[Date Prev][Date Next][Thread Prev][Thread Next][Date Index][Thread Index]

[qemu-xen staging-4.13] block: posix: Always allocate the first block



commit 3d018ff3bdd8aec260254036b600cfa8d694ced4
Author:     Nir Soffer <nirsof@xxxxxxxxx>
AuthorDate: Tue Aug 27 04:05:27 2019 +0300
Commit:     Michael Roth <mdroth@xxxxxxxxxxxxxxxxxx>
CommitDate: Tue Nov 12 11:59:58 2019 -0600

    block: posix: Always allocate the first block
    
    When creating an image with preallocation "off" or "falloc", the first
    block of the image is typically not allocated.
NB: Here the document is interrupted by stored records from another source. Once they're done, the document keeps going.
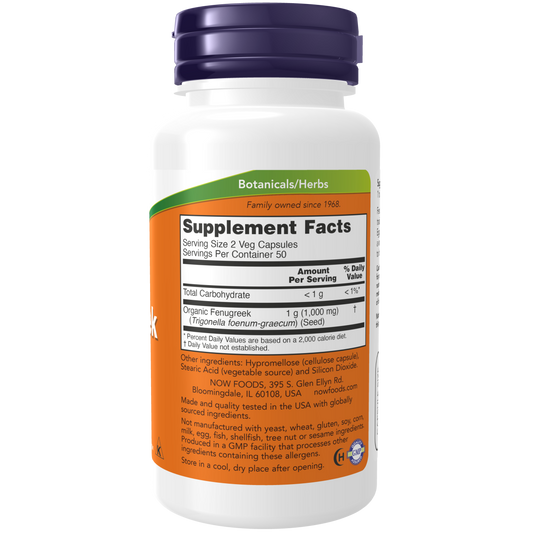 Fenugreek 500 mg (100 Veg Caps) Fenugreco
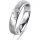 Ring 14 Karat Weissgold 4.5 mm sandmatt 5 Brillanten G vs Gesamt 0,045ct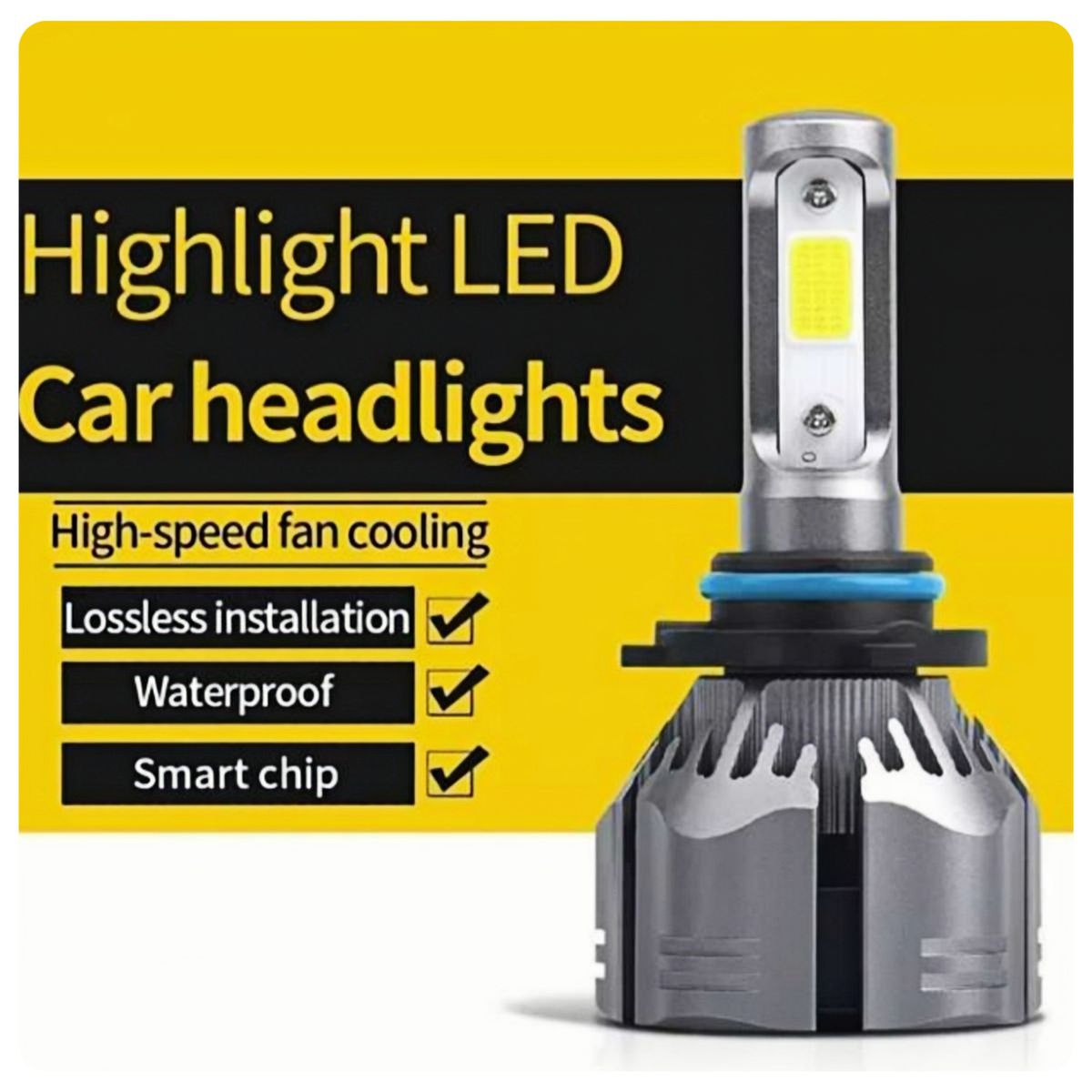 Faro Luz LED H11 R11 Para Auto, Moto, Alta y Baja Intensidad, marca VIDA BUENAS - Foto 2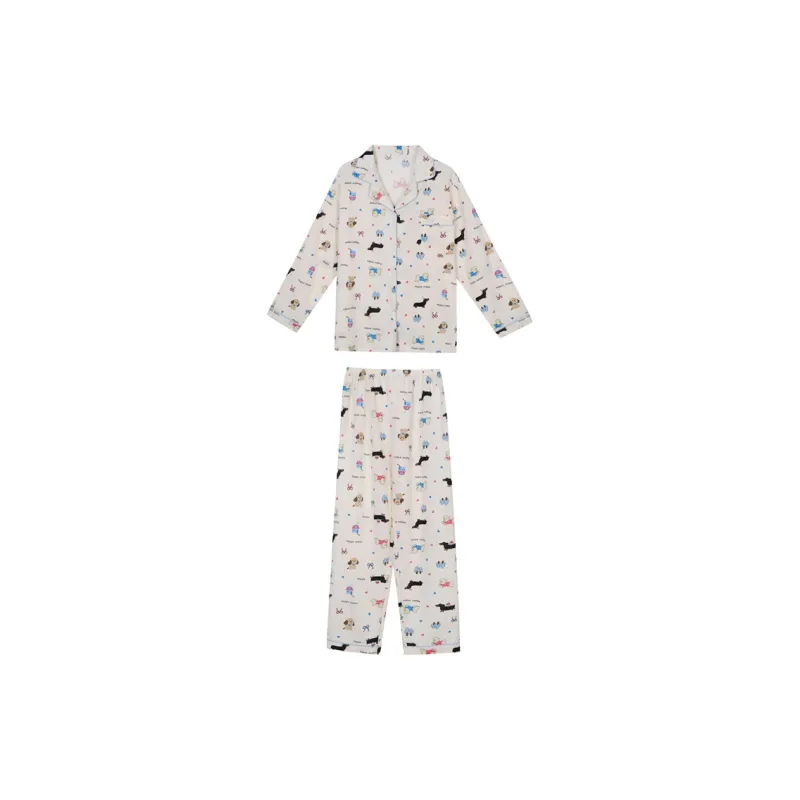 Joycefuuu Bra Pajama Set Women's Ecru-0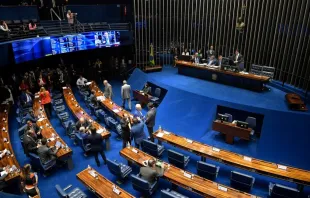 Votação da PEC 45/2023 no Plenário do Senado, ontem (16)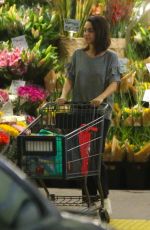 MILA KUNIS Shopping at Whole Foods in Beverly Hills 03/30/2018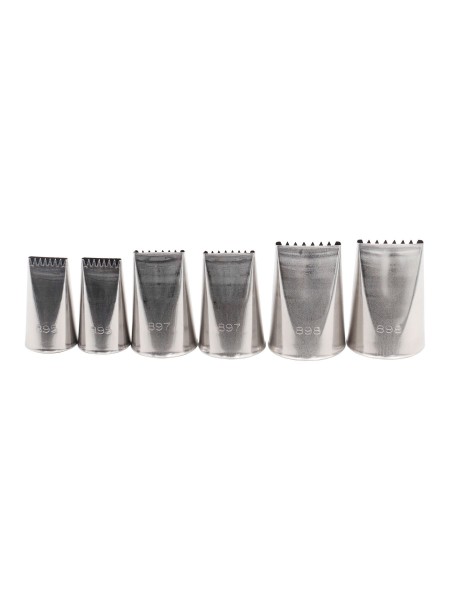 Набор кондитерских насадок, 6 штук, лента, нерж.сталь, Paderno. (47350-01)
When using Gluster
    storage backed by XFS filesystem, reading this block using direct I/O
    succeeds regardless of request length, fooling alignment detection.
    
    In this case we fallback to a safe value (4096) instead of the optimal
    value (512), which may lead to unneeded data copying when aligning
    requests.  Allocating the first block avoids the fallback.
    
    Since we allocate the first block even with preallocation=off, we no
    longer create images with zero disk size:
    
        $ ./qemu-img create -f raw test.raw 1g
        Formatting 'test.raw', fmt=raw size=1073741824
    
        $ ls -lhs test.raw
        4.0K -rw-r--r--. 1 nsoffer nsoffer 1.0G Aug 16 23:48 test.raw
    
    And converting the image requires additional cluster:
    
        $ ./qemu-img measure -f raw -O qcow2 test.raw
        required size: 458752
        fully allocated size: 1074135040
    
    When using format like vmdk with multiple files per image, we allocate
    one block per file:
    
        $ ./qemu-img create -f vmdk -o subformat=twoGbMaxExtentFlat test.vmdk 4g
        Formatting 'test.vmdk', fmt=vmdk size=4294967296 compat6=off 
hwversion=undefined subformat=twoGbMaxExtentFlat
    
        $ ls -lhs test*.vmdk
        4.0K -rw-r--r--. 1 nsoffer nsoffer 2.0G Aug 27 03:23 test-f001.vmdk
        4.0K -rw-r--r--. 1 nsoffer nsoffer 2.0G Aug 27 03:23 test-f002.vmdk
        4.0K -rw-r--r--. 1 nsoffer nsoffer  353 Aug 27 03:23 test.vmdk
    
    I did quick performance test for copying disks with qemu-img convert to
    new raw target image to Gluster storage with sector size of 512 bytes:
    
        for i in $(seq 10); do
            rm -f dst.raw
            sleep 10
            time ./qemu-img convert -f raw -O raw -t none -T none src.raw 
dst.raw
        done
    
    Here is a table comparing the total time spent:
    
    Type    Before(s)   After(s)    Diff(%)
    ---------------------------------------
    real      530.028    469.123      -11.4
    user       17.204     10.768      -37.4
    sys        17.881      7.011      -60.7
    
    We can see very clear improvement in CPU usage.
    
    Signed-off-by: Nir Soffer <nsoffer@xxxxxxxxxx>
    Message-id: 20190827010528.8818-2-nsoffer@xxxxxxxxxx
    Reviewed-by: Max Reitz <mreitz@xxxxxxxxxx>
    Signed-off-by: Max Reitz <mreitz@xxxxxxxxxx>
    
    (cherry picked from commit 3a20013fbb26d2a1bd11ef148eefdb1508783787)
    
    Signed-off-by: Michael Roth <mdroth@xxxxxxxxxxxxxxxxxx>
---
 block/file-posix.c               | 51 ++++++++++++++++++++++++++++++++++++++++
 tests/qemu-iotests/059.out       |  2 +-
 tests/qemu-iotests/150.out       | 11 ---------
 tests/qemu-iotests/150.out.qcow2 | 11 +++++++++
 tests/qemu-iotests/150.out.raw   | 12 ++++++++++
 tests/qemu-iotests/175           | 19 ++++++++++-----
 tests/qemu-iotests/175.out       |  8 +++----
 tests/qemu-iotests/178.out.qcow2 |  4 ++--
 tests/qemu-iotests/221.out       | 12 ++++++----
 tests/qemu-iotests/253.out       | 12 ++++++----
 10 files changed, 110 insertions(+), 32 deletions(-)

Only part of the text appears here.